A Seba y a mí no nos parecía bien que las Madres bajaran todo su aparato ese día en Rosario; pensábamos que eso mismo se podía hacer otro día, que por más que los 25 pesos que salía la entrada no se condijeran con lo el costo real de un festival como ese, cobrar una entrada en esa fecha era una forma de venderla.
Una especie de “esta fecha es mía y hago lo que quiero”.
Peor nos pareció todo esto cuando nos enteramos que la tradicional marcha del 24 de marzo se había mudado al 23 porque no había forma de competir con semejante evento.
Competir, en ese contexto, era una palabra horrible.
Llega el día, mejor dicho la noche, en que muchos de los que formábamos parte del CESup nos vamos a reunir con Hebe, Shocklender y otra señora que desconozco su nombre para formar parte del evento, para charlar sobre el mismo. Estábamos Ulises, Julieta, Paula, Seba, el Vili, Julia, Lisandro y otros que no me acuerdo (sepan disculpar).

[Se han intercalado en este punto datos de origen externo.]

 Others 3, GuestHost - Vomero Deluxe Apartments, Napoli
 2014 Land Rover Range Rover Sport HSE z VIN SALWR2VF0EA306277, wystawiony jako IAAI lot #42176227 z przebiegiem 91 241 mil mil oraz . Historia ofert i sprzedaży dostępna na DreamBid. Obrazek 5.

Ellos estaban ansiosos por conocer a Hebe; Seba y yo por plantear esto que tanto nos molestaba.
Llegan, se sientan, comienza la charla.
No recuerdo quién dijo si teníamos alguna pregunta y menos recuerdo si fue Seba o fui yo el que dijo:
—A nosotros no nos parece pertinente que vengan con este evento, este día y, encima, cobren entrada.
En narrativa, este momento, se llama punto de no retorno.

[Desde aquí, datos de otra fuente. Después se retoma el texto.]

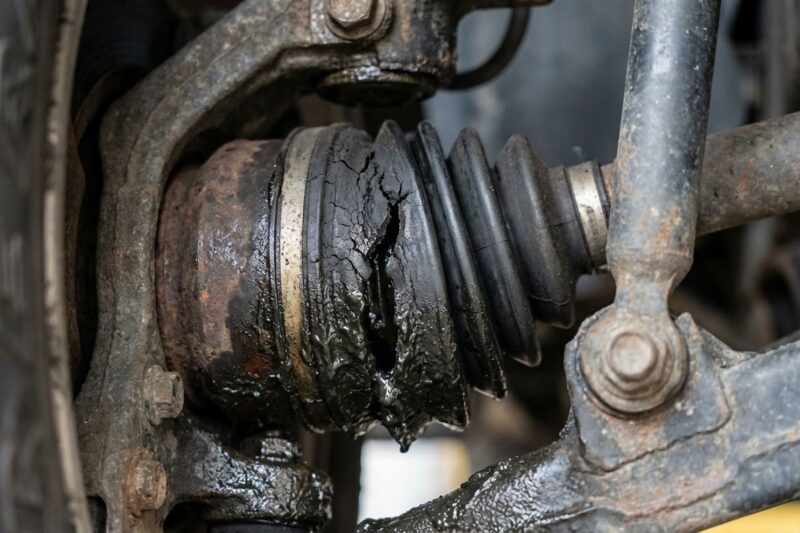 Vibration und Antriebswellenverschleiß nach dem Einbau von Spurverbreiterungen oder Fahrwerkserhöhungen: Ursachen und Lösungen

Hebe no nos responde, nunca lo va a hacer, ni siquiera nos va a mirar. En cambio, la señora de la que aún no sé su nombre nos explica que el dinero va a ser destinado a crear la Universidad de las Madres en, otra vez, Capital Federal.
Ahí sí recuerdo bien que fui yo el que dijo:
—Yo no vivo en Buenos Aires.
Y ella, que va a utilizar esta palabra dos veces en la noche, dice por primera vez:
—Si no viajás, no sos revolucionario.
Seba se pone verde, él viene de una familia muy identificada con la militancia de izquierda, más exactamente del ERP, así que el hecho de que alguien le diga que si no hace tal cosa no es revolucionario lo pone verde. Además, en los 90, tener 25 pesos para la entrada no era tan fácil. Así que la charla comienza a escalar en volumen y vehemencia.
No puedo dar detalles de qué dijimos pero sí que dijimos muchas cosas y que nuestros compañeros no estaban muy felices con lo que decíamos.
Hasta que la señora que no puedo nombrar dice por segunda vez la palabra:
—Si no tenés 25 pesos no sos revolucionario.
Yo, que nunca puedo no hacer un comentario irónico en esas situaciones, le digo:
—¿Dan carnet de revolucionario en el recital?
Ahí se terminó todo. Hebe se levanta con cara de decepción y dice:
—Nos vamos, no puedo creer lo irrespetuosos que son.
Y me parece que tanto Seba como yo agregamos algo que tenía que ver con que no éramos irrespetuosos sino que no estábamos de acuerdo con lo que iban a hacer y que, en todo caso, la irrespetuosa era ella porque no se había dignado siquiera a dirigirnos la palabra.
No nos respondió. Solo se fue.
Acto seguido, nuestros compañeros empiezan a decirnos de todo. No recuerdo bien qué pero no estaban felices ni orgullosos de nuestra intervención. A Seba y a mí no nos importaba, teníamos la suficiente convicción como para creer que lo que habíamos hecho estaba bien.
Hoy no sé si estuvo bien, me doy el lugar para dudar.
Nos fuimos Seba, el Vili y yo caminando por Italia. El Vili nos decía que cómo se nos había ocurrido decirle eso a Hebe, que Hebe era Hebe y todo lo que eso significaba. Lo decía no desde un lugar agresivo sino como intentando entender lo que acababa de pasar.
La mejor forma que encontré de explicarle que yo no odiaba a Hebe sino que la admiraba (cosa que aún hoy sigo haciendo) fue poner este ejemplo:
—Si viene el Che Guevara y te dice, así sin anestesia, “Vili, me parecés un pelotudo”, ¿a vos te caería bien?
—No– contestó Vili después de dudar un poco.
—Bueno… eso.
Cada uno se fue a su casa.
Y yo, con todo el dolor del mundo pero firme en mis convicciones, no vi a Molotov.